Alice and Bob play a game with piles of stones. There are an even number of piles arranged in a row, and each pile has a positive integer number of stones piles[i].

The objective of the game is to end with the most stones. The total number of stones across all the piles is odd, so there are no ties.

Alice and Bob take turns, with Alice starting first. Each turn, a player takes the entire pile of stones either from the beginning or from the end of the row. This continues until there are no more piles left, at which point the person with the most stones wins.

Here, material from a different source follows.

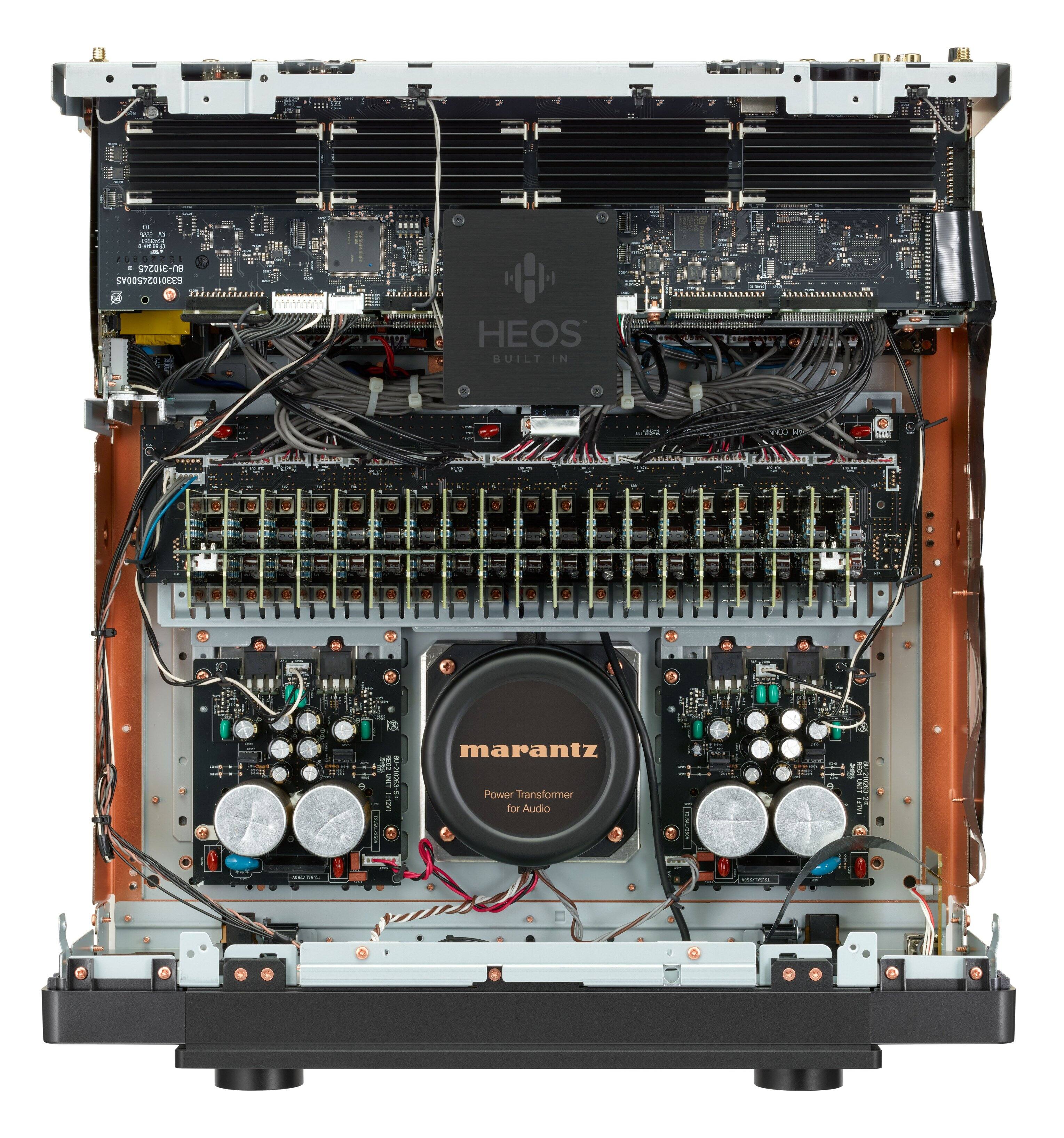 The image features a Marantz device with a power transformer for audio. The device is equipped with a built-in HEOS system, which is designed for high-quality sound. The back of the device is open, revealing the internal components, including the power transformer. The device is likely used for amplifying audio signals, providing a better listening experience.
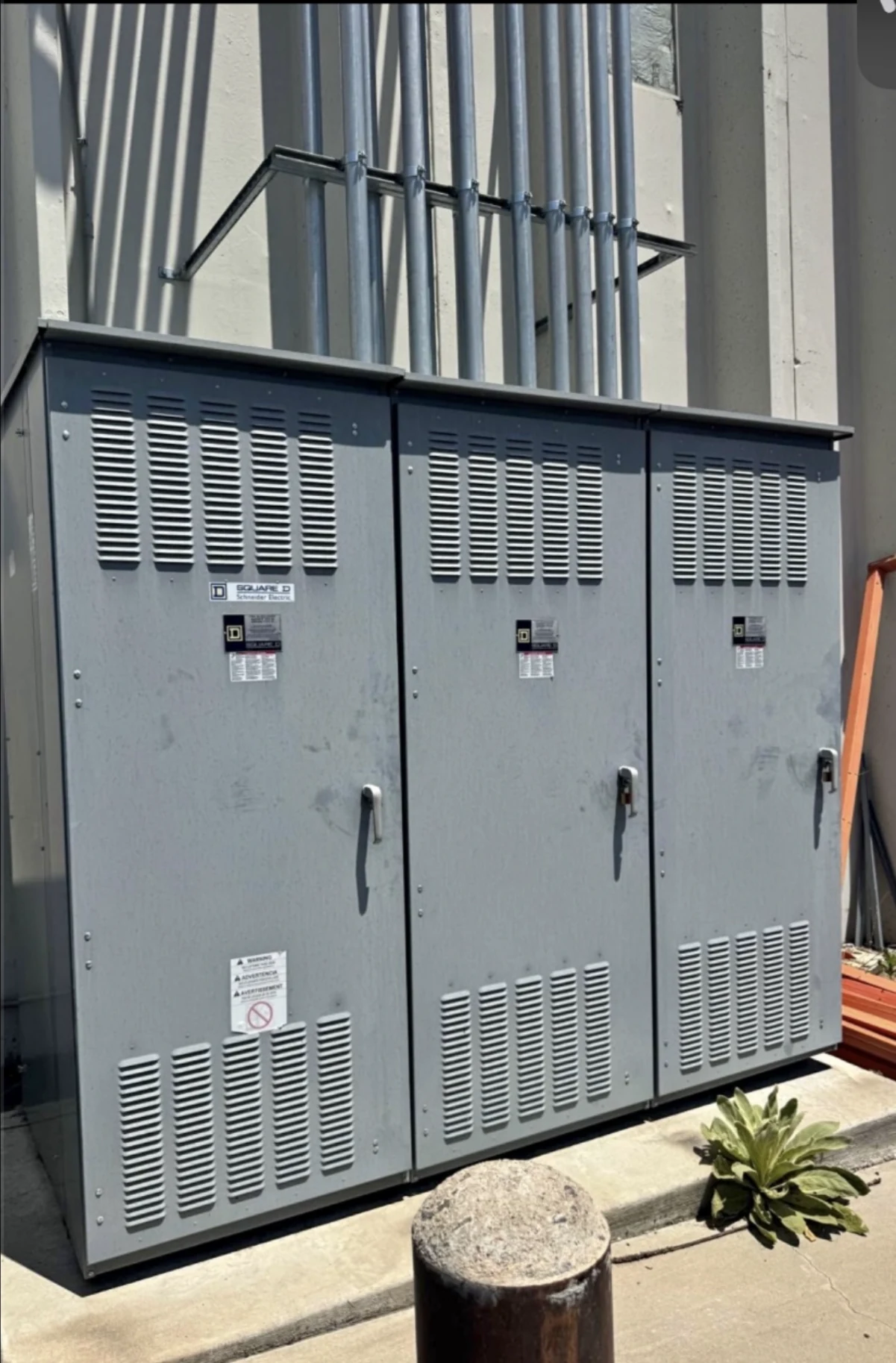 Outdoor electrical switchgear lineup with three gray enclosures on a concrete pad.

Assuming Alice and Bob play optimally, return true if Alice wins the game, or false if Bob wins.

Example 1:

Input: piles = [5,3,4,5]
Output: true
Explanation: 
Alice starts first, and can only take the first 5 or the last 5.
Say she takes the first 5, so that the row becomes [3, 4, 5].
If Bob takes 3, then the board is [4, 5], and Alice takes 5 to win with 10 points.
If Bob takes the last 5, then the board is [3, 4], and Alice takes 4 to win with 9 points.
This demonstrated that taking the first 5 was a winning move for Alice, so we return true.

Example 2:

Input: piles = [3,7,2,3]
Output: true

Constraints:

• 2 <= piles.length <= 500
• piles.length is even.
• 1 <= piles[i] <= 500
• sum(piles[i]) is odd.

Approach 1: Math

Yes .. Just return true. In fact, it is always true because there are an even number of piles and the total number of stones across all the piles is odd. Therefore, if Alice picks the first one, then Bob must pick either the second one or the last one. In each turn, Alice can always pick the even indexed piles while Bob can only pick odd indexed piles. Since there is no tie, if the sum of stones of even indexed piles is greater than that of odd indexed piles, Alice just need to pick the even indexed piles and win the game. Otherwise, she can pick the odd indexed piles. As Alice always go first, in this case, she must win whatsoever.

Written by @wingkwong

class Solution {
public:
    bool stoneGame(vector<int>& piles) {
        return true;
    }
};

Time Complexity: $O(1)$

Space Complexity: $O(1)$

Approach 2: Dynamic Programming

Let dp[i][j] be the maximum difference Alice could get if she plays optimally for piles[i .. j]. Since we only have two options - either take pile[i] or pile[j]. We choose the maximum one.

Written by @wingkwong

class Solution {
public:
    int dfs(vector<int>& piles, vector<vector<int>>& dp, int i, int j) {
        if (i == j) return piles[i];
        if (dp[i][j] != -1) return dp[i][j];
        return dp[i][j] = max(piles[i] - dfs(piles, dp, i + 1, j), piles[j] - dfs(piles, dp, i, j - 1));
    }
    bool stoneGame(vector<int>& piles) {
        int n = (int) piles.size();
        vector<vector<int>> dp(n, vector<int>(n, -1));
        return dfs(piles, dp, 0, n - 1);
    }
};

Time Complexity: $O(n ^ 2)$

Space Complexity: $O(n ^ 2)$